Requirement ->
In the data below, work out how many lines include the string "Black". Only the number should be given.

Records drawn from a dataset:
• • • • •
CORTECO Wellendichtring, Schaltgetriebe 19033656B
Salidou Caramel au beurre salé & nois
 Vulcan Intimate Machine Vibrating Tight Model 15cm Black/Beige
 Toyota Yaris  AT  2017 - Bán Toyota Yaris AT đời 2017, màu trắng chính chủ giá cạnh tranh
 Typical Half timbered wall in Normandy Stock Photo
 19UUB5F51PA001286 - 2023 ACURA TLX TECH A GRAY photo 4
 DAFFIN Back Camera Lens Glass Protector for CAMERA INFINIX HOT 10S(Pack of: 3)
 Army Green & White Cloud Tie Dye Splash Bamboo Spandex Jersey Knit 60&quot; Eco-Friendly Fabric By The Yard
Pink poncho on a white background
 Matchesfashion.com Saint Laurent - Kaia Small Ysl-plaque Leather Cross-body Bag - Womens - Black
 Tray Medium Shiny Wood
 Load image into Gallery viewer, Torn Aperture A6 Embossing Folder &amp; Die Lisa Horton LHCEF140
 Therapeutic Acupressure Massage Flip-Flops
• • • • •
Task output ->
2